SELECT * from example
WHERE numrides < 2000

This yields the two rows in the small inline dataset that have fewer than 2,000 rides:

Row	day	numrides	oneways
1	Sat	1451	1018
2	Mon	1476	736

In the next chapter, we use such inline datasets with hardcoded numbers to illustrate various aspects of the way different data types and functions behave.

The purpose of this section is to quickly introduce arrays and structs so that we can use them in illustrative examples. We review these concepts in greater detail in Chapter 8, so feel free to quickly skim the remainder of this section for now.
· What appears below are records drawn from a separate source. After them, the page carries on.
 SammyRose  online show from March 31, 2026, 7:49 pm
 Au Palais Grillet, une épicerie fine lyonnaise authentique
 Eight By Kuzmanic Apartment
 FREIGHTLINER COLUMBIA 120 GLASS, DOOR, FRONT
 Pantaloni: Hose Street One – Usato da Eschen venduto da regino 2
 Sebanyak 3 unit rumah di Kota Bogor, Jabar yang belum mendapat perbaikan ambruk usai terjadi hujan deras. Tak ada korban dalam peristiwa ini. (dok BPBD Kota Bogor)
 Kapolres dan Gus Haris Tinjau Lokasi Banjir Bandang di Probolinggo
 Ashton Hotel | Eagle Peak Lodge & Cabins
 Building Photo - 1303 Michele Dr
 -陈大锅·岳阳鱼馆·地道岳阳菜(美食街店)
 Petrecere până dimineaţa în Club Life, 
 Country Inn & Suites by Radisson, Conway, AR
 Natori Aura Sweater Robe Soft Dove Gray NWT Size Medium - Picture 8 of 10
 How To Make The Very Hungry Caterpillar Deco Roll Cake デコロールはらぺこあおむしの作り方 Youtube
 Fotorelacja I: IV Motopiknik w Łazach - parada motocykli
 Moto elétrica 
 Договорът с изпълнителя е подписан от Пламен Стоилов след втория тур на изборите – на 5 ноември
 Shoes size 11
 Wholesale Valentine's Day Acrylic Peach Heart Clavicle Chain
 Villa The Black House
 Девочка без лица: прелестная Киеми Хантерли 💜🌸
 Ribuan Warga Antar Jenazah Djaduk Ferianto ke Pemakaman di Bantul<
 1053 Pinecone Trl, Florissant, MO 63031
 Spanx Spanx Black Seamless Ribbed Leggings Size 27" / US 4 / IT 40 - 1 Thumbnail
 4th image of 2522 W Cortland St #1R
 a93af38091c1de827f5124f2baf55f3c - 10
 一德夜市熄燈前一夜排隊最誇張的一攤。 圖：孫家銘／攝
Creating Arrays by Using ARRAY_AGG

Consider finding the number of trips by gender and year:

SELECT
  gender
  , EXTRACT(YEAR from starttime) AS year --
  , COUNT(*) AS numtrips
FROM
  `bigquery-public-data`.new_york_citibike.citibike_trips
WHERE gender != 'unknown' and starttime IS NOT NULL
GROUP BY gender, year
HAVING year > 2016

This returns the following:

Row	gender	year	numtrips
1	male	2017	9306602
2	male	2018	3955871
3	female	2018	1260893
4	female	2017	3236735

Tip

What’s with the leading commas in the SELECT clause? Standard SQL (at least as of this writing) does not support a trailing comma, and so moving the comma to the next line allows you to easily reorder or comment lines and still have a working query:

SELECT
  gender
  , EXTRACT(YEAR from starttime) AS year
  -- comment out this line , COUNT(1) AS numtrips
FROM etc.

Trust us, the leading comma will become second nature after a while and will greatly speed up your development.⁵

What would be required, though, if we want to get a time-series of the number of trips associated with each gender over the years—in other words, the following result?

Row	gender	numtrips
1	male	9306602
		3955871
2	female	3236735
		1260893

To get this, you would need to create an array of the numbers of trips. You can represent that array in SQL using the ARRAY type and create such an array by using ARRAY_AGG:

SELECT 
  gender
  , ARRAY_AGG(numtrips order by year) AS numtrips
FROM (
  SELECT
    gender
    , EXTRACT(YEAR from starttime) AS year
    , COUNT(1) AS numtrips
  FROM
    `bigquery-public-data`.new_york_citibike.citibike_trips
  WHERE gender != 'unknown' and starttime IS NOT NULL
  GROUP BY gender, year
  HAVING year > 2016
)
GROUP BY gender

Normally, when you group by gender, you compute a single scalar value for the group, such as the AVG(numtrips) to find the average number of trips across all years. ARRAY_AGG allows you to collect the individual values and put them into an ordered list, or ARRAY.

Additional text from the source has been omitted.